I think we might be talking past each other. The point of the argument (probably obfuscated by me in the original post) is, very specifically, that discretizing a path integral to complete the theory in the UV hasn't worked so well in the other example that we have, specifically QED. QCD doesn't really apply because we have a well-defined theory in the UV, and we are running it down to strong coupling. Sure---we never SEE these problems until we try to work it out. This was the hope behind the lattice formulation of QED, I guess. As long as you're ok with sacrificing Lorentz Invariance (which most Loop people don't mind), then fine---make your cuts. This is probably a matter of taste, right? It depends on if you admit arbitrarily high energies into the theory. The cutoff isn't anything physical, it's just a place holder. You won't find any arguments here! Again, no complaints. But he is the type of fellow who either ends up being spectacularly correct (and changing the field) or famously wrong. I mean---he's not even forty yet and he's got a permanant position at the IAS.

Well, QED breaks down at the weak scale, which is what we expect---the Landau pole is just a sign that something is wrong with the theory somewhere, maybe 10^38 GeV or something ridiculous like that.
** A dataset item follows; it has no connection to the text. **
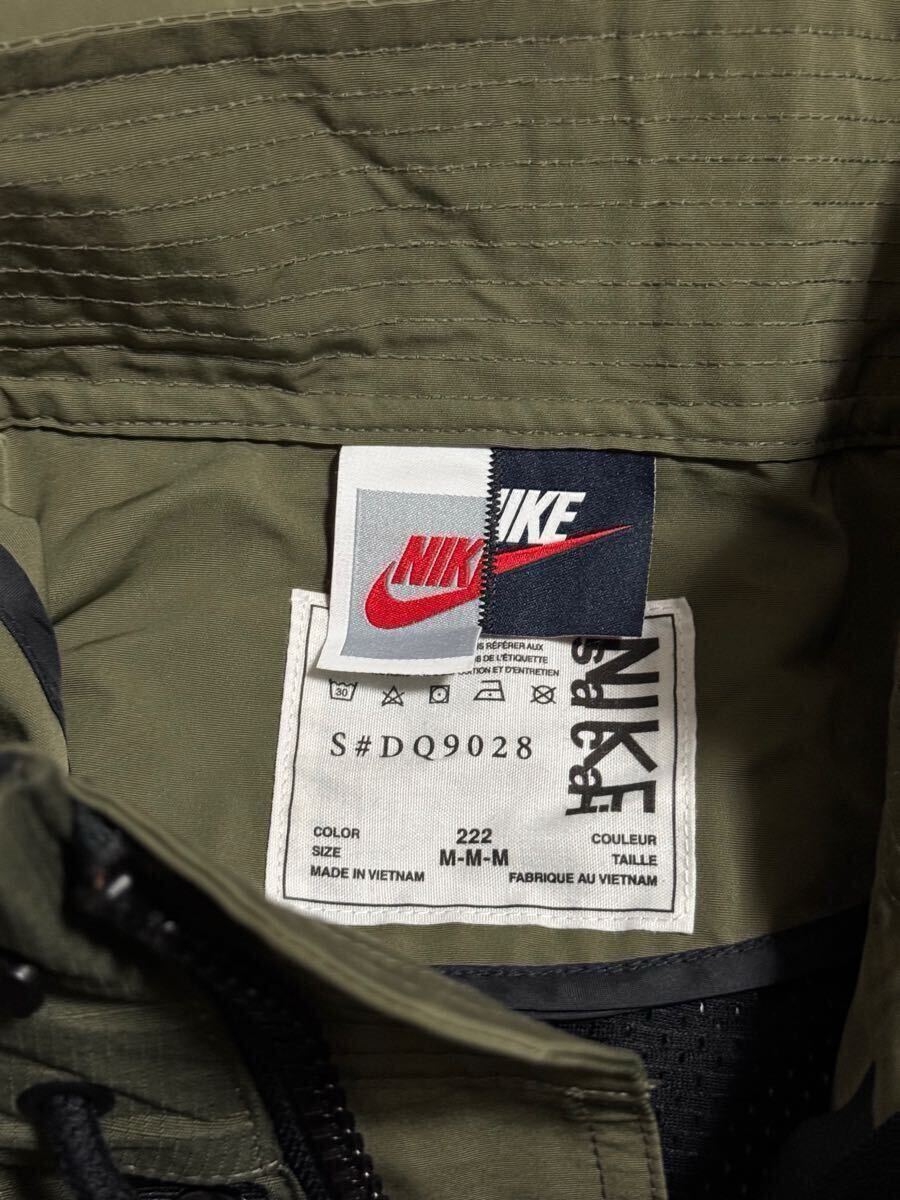 サカイ sacai × NIKE 22AW NRG TRENCH JACKET KHAKI M DQ9028 サカイ sacai × NIKE 22AW NRG TRENCH JACKET KHAKI M DQ9028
But it is a generic (and real) feature of the theory. The argument is that we have one example of trying to fix the UV limit of a strongly coupled gauge theory by latticizing it---QED. And discretizing the path integral in that context fails miserably. In some regime we expect gravity to look like a gauge theory, so it makes sense to compare it to other gauge theories, and see what we can learn. You may wish to point out that latticizing QCD has produced very beautiful results. And you would be 100% correct. The problem is, of course, that when we do this, we are looking for the IR completion of a well-defined UV theory. The point is not so much the appearance of the landau pole, but the general failure of trying to build a UV completion of a theory by latticizing it---perhaps I was a bit unclear in the original post. The big difference is the starting point. In Loops, one starts with an effective field theory (GR), and tries to complete the UV. In String Theory, one starts with a well-defined UV theory, and tries to find an IR realization. This is most likely why the landscape is an inevitible feature of string theory untill we understand fully how to compactify it---we don't know HOW to run the theory down exactly, in other words. If we did it wouldn't be a problem. But this doesn't change the fact that string theory is very well defined in the UV, and has at least one (or 10^500) consistent realizations. Ahh yes. So you know him personally? I will say that if you can't get excited listening to Nima talk about physics (even if you don't agree with him), then you can't get excited about physics.

He's usually surrounded by an entourage of graduate students, but I'll try to ask him sometime about this argument. And to be fair, I don't know that Nima would call himself a string theorist. Also, at TASI in Bouder, I got Joe Polchinski to drink a toast to Loop Quantum Gravity. His argument agains LQG is that it is less ``natural'' than string theory. For example, in strings, you only assume that the fundamental particle is not a point but a string, and go from there. By making normal assumptions (anomaly cancellation, unitarity, etc.) one is led to a rich low energy phenomenology, a prediction for the number of space-time dimensions (which is absent in GR and loops), etc. In loops, however, one has to invent many more tihngs to make the theory work. Nima's argument makes much more sense to me, especially if we expect gravity to look like a gauge theory at very high energies.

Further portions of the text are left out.